*** Opening of Provided data ***
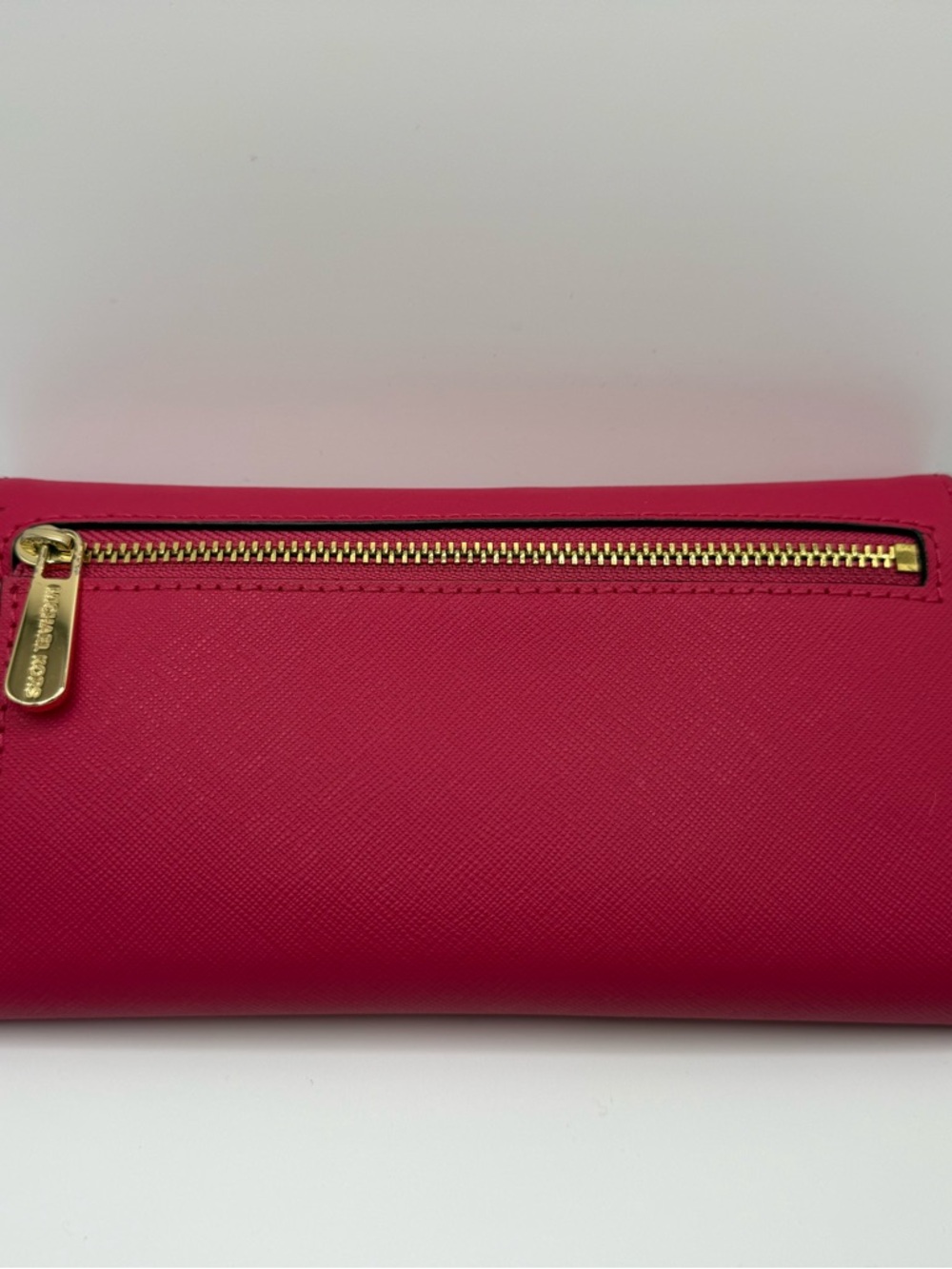 Michael Kors Pink Saffiano Leather Clutch with Gold Logo - Picture 2 of 3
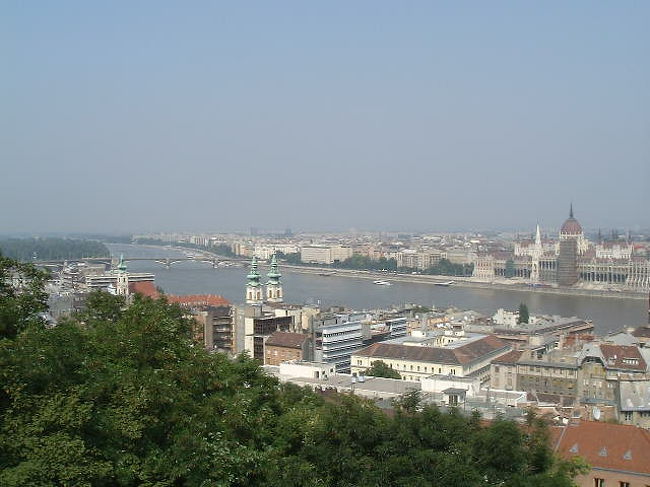 漁夫の砦から見下ろしたドナウ川。国会議事堂も見えます。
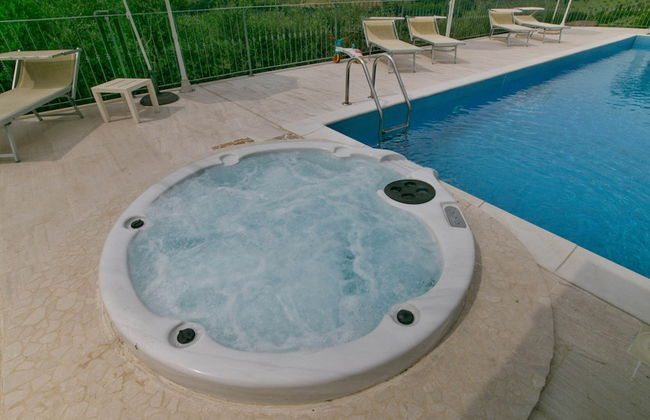 Villa with Salt Water & Heated Pool & Hot Tub near sea - Foto 50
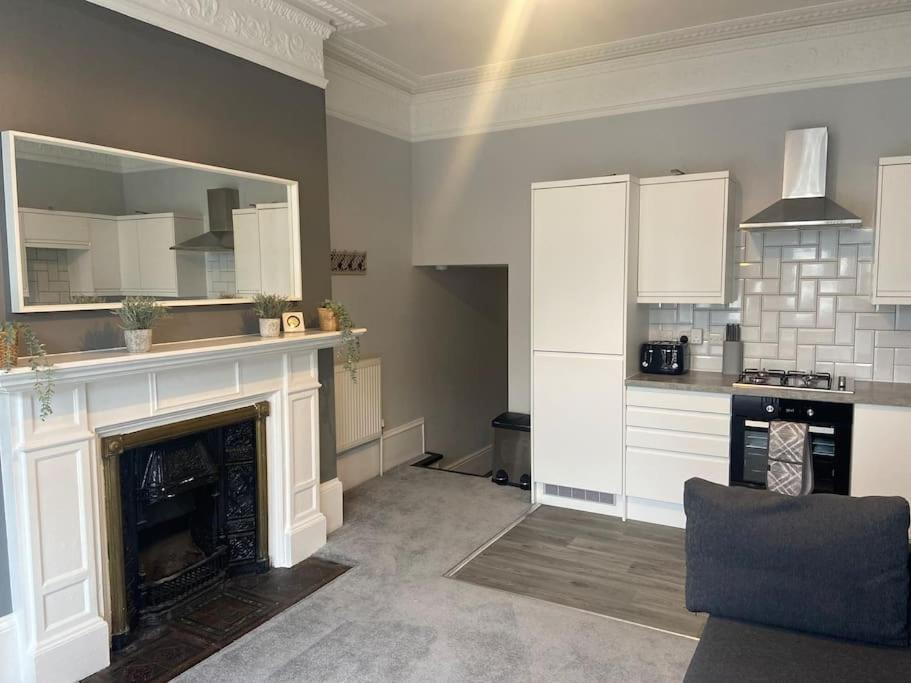 Central Southsea Boutique 2 Bedroom Flat Portsmouth Bagian luar foto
*** Close of Provided data ***
■ What needs to be done: Print the lines from the line containing "Villa with Salt" through the last line of the listing, exactly as they stand, and leave any pictures out.

■ Result of the task:
 Villa with Salt Water & Heated Pool & Hot Tub near sea - Foto 50
 Central Southsea Boutique 2 Bedroom Flat Portsmouth Bagian luar foto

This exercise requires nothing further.